(Exercise brief):
Only the lines from the one containing "6022 S 31st STREET, Greenfield, WI 53221" to the end of the listing below should be returned, exactly as written and without pictures.

** Exercise data follows **

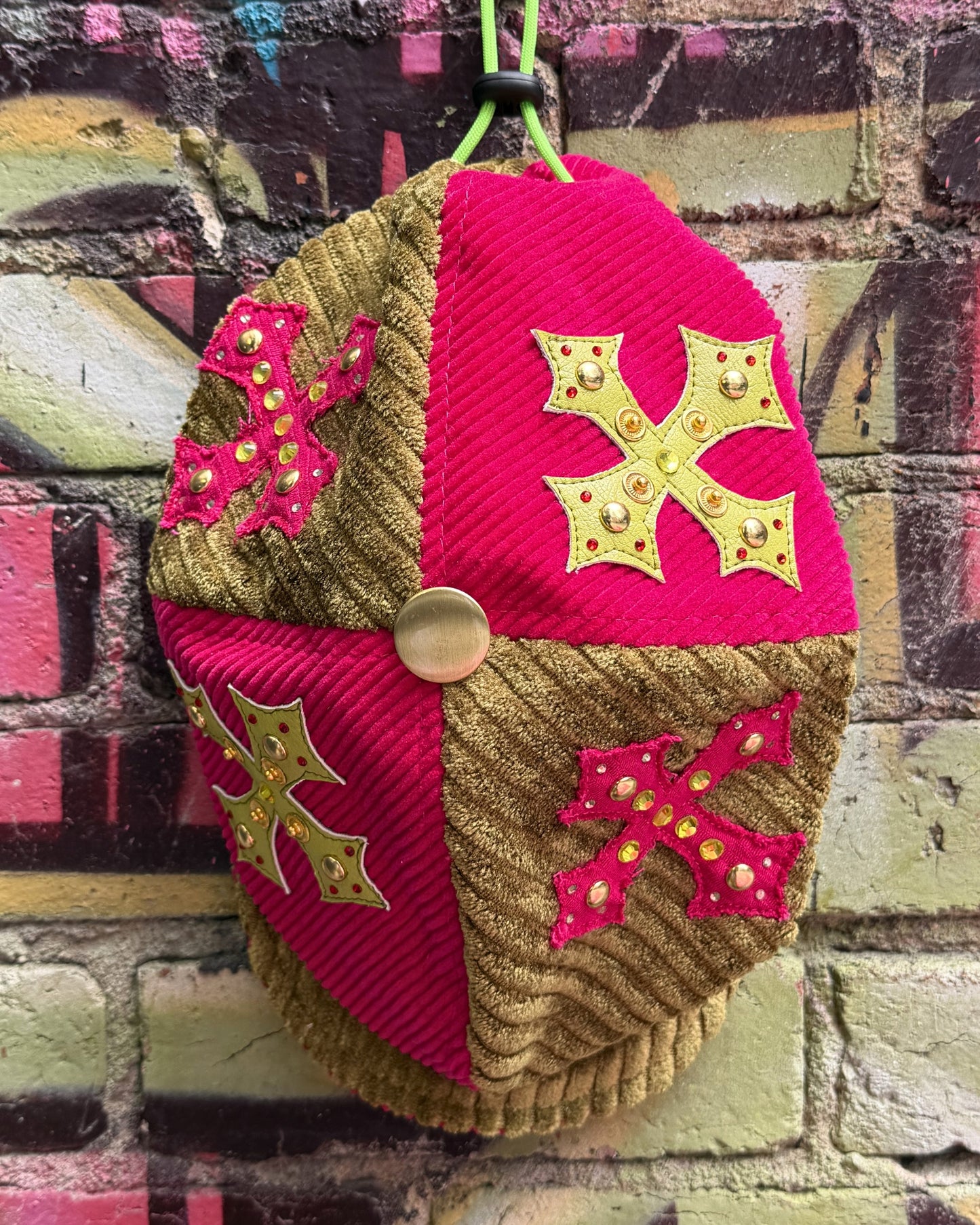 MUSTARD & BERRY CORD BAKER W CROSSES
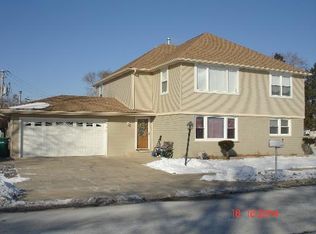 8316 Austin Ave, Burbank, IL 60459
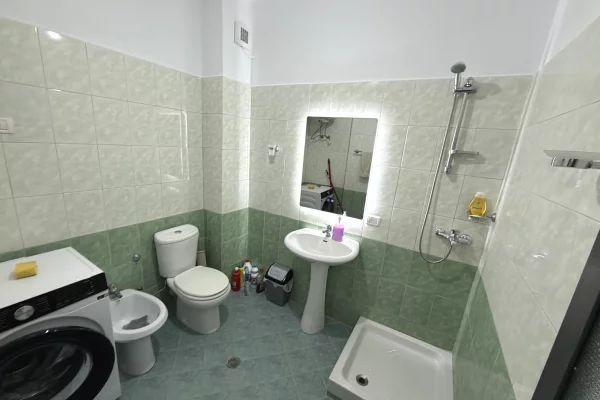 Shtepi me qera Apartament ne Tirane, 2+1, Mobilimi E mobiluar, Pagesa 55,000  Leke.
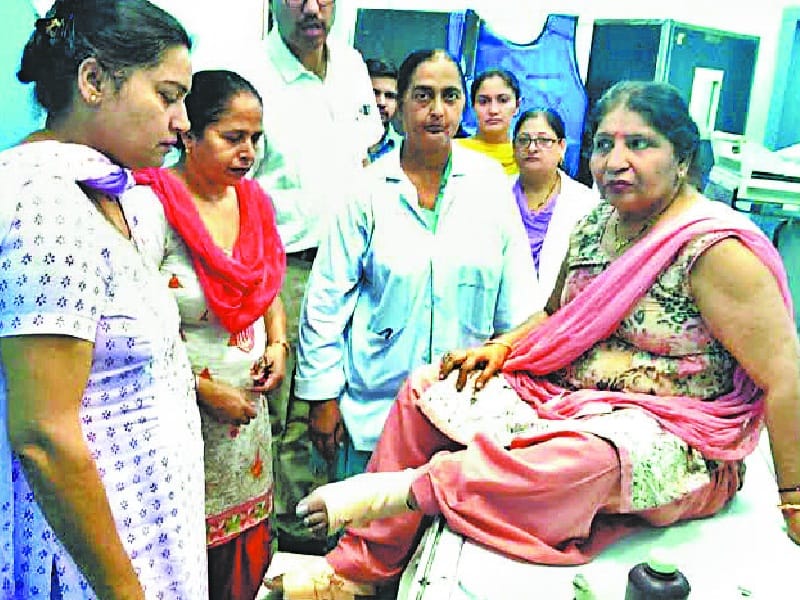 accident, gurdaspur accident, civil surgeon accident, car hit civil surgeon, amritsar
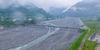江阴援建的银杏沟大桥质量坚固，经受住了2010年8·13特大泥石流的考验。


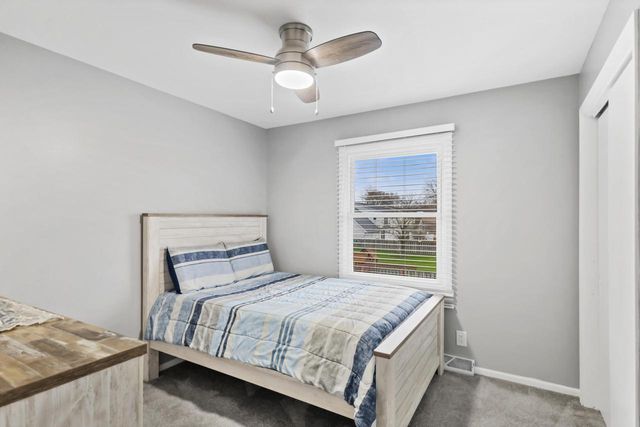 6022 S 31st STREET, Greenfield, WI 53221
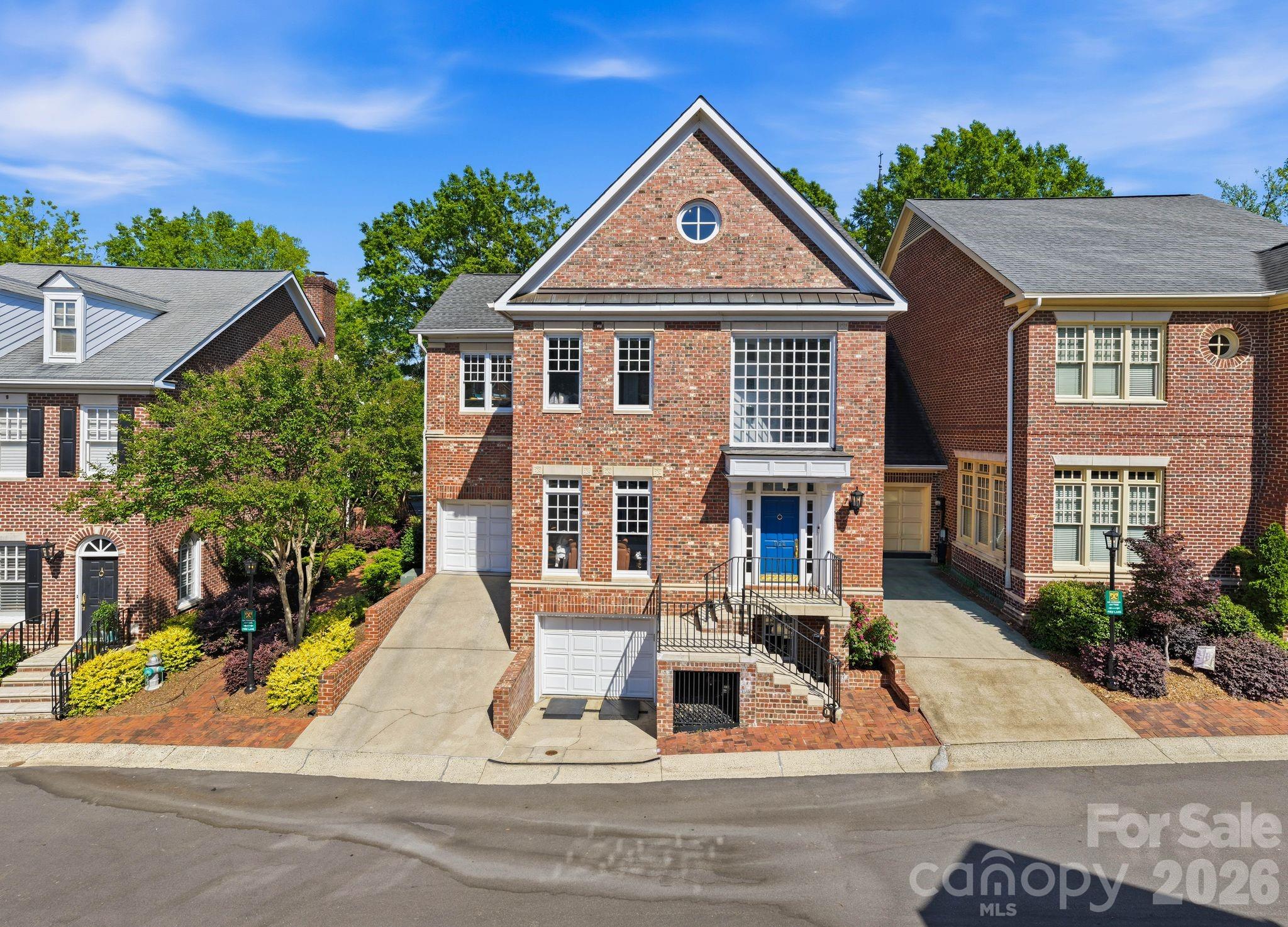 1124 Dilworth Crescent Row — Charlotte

** End of Exercise data **

(Written answer):
 6022 S 31st STREET, Greenfield, WI 53221
 1124 Dilworth Crescent Row — Charlotte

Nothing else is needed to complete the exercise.